=== ENTRIES PROVIDED ===
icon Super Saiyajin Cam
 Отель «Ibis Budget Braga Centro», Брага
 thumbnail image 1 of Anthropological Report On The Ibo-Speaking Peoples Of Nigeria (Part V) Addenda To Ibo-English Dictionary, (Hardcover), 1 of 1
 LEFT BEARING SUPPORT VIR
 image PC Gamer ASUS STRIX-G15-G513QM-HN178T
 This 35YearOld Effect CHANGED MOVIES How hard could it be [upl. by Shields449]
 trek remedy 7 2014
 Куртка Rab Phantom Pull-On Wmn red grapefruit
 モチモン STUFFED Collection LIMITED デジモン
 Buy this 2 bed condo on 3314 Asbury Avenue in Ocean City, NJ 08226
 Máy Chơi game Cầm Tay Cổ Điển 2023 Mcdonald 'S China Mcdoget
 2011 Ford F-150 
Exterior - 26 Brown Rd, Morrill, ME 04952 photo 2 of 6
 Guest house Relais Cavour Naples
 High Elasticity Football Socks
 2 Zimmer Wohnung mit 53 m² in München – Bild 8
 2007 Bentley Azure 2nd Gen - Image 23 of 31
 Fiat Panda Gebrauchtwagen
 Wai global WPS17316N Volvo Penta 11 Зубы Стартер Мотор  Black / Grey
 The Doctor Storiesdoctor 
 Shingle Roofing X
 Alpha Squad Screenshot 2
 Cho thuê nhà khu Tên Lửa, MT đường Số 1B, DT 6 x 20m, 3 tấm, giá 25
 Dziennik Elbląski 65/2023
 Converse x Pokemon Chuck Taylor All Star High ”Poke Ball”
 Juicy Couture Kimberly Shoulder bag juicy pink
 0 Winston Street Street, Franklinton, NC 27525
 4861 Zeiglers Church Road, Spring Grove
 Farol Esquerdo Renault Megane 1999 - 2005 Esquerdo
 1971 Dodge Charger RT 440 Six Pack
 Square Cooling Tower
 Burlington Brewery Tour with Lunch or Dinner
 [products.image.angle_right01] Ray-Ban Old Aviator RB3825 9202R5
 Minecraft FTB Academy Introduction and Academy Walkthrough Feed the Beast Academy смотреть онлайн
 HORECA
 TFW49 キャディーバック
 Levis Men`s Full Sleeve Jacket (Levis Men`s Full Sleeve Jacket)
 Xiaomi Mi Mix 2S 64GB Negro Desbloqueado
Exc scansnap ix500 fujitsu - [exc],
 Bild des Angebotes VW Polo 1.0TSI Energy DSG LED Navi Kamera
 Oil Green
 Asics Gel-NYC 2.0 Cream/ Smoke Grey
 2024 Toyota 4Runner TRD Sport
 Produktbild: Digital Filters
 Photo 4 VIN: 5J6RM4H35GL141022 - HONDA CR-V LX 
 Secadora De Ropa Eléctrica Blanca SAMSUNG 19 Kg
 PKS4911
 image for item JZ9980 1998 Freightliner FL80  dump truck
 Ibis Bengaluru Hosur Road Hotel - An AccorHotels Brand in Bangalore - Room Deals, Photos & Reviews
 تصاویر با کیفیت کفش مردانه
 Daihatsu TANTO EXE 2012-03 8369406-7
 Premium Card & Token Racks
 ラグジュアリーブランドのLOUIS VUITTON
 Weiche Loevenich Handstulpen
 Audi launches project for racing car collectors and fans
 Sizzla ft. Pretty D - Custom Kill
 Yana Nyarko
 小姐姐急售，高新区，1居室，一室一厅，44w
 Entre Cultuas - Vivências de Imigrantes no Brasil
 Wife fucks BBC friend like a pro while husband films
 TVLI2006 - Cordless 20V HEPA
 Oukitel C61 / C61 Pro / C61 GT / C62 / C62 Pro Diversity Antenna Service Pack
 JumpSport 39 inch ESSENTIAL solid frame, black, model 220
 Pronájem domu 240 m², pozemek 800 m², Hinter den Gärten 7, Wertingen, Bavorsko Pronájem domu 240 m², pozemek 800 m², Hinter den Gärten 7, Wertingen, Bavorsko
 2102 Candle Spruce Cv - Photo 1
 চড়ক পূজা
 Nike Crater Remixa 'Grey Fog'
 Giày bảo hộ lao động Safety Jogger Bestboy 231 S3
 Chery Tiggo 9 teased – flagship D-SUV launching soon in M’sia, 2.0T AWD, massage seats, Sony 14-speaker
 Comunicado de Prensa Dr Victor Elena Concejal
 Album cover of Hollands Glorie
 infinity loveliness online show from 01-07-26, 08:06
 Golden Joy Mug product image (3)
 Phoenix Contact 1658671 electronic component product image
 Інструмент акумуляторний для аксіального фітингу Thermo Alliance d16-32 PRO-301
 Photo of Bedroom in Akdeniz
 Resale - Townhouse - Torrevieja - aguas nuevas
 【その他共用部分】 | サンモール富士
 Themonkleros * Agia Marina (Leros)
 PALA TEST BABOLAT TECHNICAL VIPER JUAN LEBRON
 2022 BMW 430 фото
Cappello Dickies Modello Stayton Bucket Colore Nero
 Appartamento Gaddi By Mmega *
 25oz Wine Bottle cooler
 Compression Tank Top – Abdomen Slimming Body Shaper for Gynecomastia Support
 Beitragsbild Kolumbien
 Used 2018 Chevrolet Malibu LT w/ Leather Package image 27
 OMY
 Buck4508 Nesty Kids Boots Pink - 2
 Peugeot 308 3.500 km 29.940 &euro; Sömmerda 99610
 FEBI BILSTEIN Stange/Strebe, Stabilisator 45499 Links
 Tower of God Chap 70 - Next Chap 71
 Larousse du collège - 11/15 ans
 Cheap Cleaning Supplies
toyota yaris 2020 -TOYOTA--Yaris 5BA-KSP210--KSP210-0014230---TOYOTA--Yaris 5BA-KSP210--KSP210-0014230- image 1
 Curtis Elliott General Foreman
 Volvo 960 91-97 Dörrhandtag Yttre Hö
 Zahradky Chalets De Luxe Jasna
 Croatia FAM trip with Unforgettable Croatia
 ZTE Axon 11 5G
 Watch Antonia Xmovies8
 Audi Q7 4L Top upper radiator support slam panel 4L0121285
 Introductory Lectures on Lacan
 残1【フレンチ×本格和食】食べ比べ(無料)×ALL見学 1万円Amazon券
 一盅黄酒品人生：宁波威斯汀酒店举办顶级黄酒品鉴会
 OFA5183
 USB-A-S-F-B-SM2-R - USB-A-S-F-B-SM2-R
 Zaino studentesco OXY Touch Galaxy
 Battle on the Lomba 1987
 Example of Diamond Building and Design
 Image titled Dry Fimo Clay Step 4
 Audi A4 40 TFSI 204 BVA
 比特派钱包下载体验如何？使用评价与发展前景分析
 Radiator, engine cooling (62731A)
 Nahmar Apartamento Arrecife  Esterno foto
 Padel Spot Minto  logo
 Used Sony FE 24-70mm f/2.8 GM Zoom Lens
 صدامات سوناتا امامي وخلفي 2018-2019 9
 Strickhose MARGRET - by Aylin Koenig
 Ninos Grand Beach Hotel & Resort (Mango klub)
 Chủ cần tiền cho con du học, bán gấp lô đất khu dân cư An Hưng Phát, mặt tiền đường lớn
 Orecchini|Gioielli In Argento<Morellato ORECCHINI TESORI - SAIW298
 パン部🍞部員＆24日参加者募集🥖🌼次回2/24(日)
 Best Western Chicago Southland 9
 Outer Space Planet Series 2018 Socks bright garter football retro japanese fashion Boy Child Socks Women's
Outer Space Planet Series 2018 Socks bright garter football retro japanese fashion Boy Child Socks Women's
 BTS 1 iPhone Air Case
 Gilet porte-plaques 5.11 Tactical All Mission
===
TASK BRIEF: All lines from the beginning of the material above through the one with "Shingle Roofing X" need to be returned exactly; please return those and only those.

RESPONSE TO THIS EXERCISE:
icon Super Saiyajin Cam
 Отель «Ibis Budget Braga Centro», Брага
 thumbnail image 1 of Anthropological Report On The Ibo-Speaking Peoples Of Nigeria (Part V) Addenda To Ibo-English Dictionary, (Hardcover), 1 of 1
 LEFT BEARING SUPPORT VIR
 image PC Gamer ASUS STRIX-G15-G513QM-HN178T
 This 35YearOld Effect CHANGED MOVIES How hard could it be [upl. by Shields449]
 trek remedy 7 2014
 Куртка Rab Phantom Pull-On Wmn red grapefruit
 モチモン STUFFED Collection LIMITED デジモン
 Buy this 2 bed condo on 3314 Asbury Avenue in Ocean City, NJ 08226
 Máy Chơi game Cầm Tay Cổ Điển 2023 Mcdonald 'S China Mcdoget
 2011 Ford F-150 
Exterior - 26 Brown Rd, Morrill, ME 04952 photo 2 of 6
 Guest house Relais Cavour Naples
 High Elasticity Football Socks
 2 Zimmer Wohnung mit 53 m² in München – Bild 8
 2007 Bentley Azure 2nd Gen - Image 23 of 31
 Fiat Panda Gebrauchtwagen
 Wai global WPS17316N Volvo Penta 11 Зубы Стартер Мотор  Black / Grey
 The Doctor Storiesdoctor 
 Shingle Roofing X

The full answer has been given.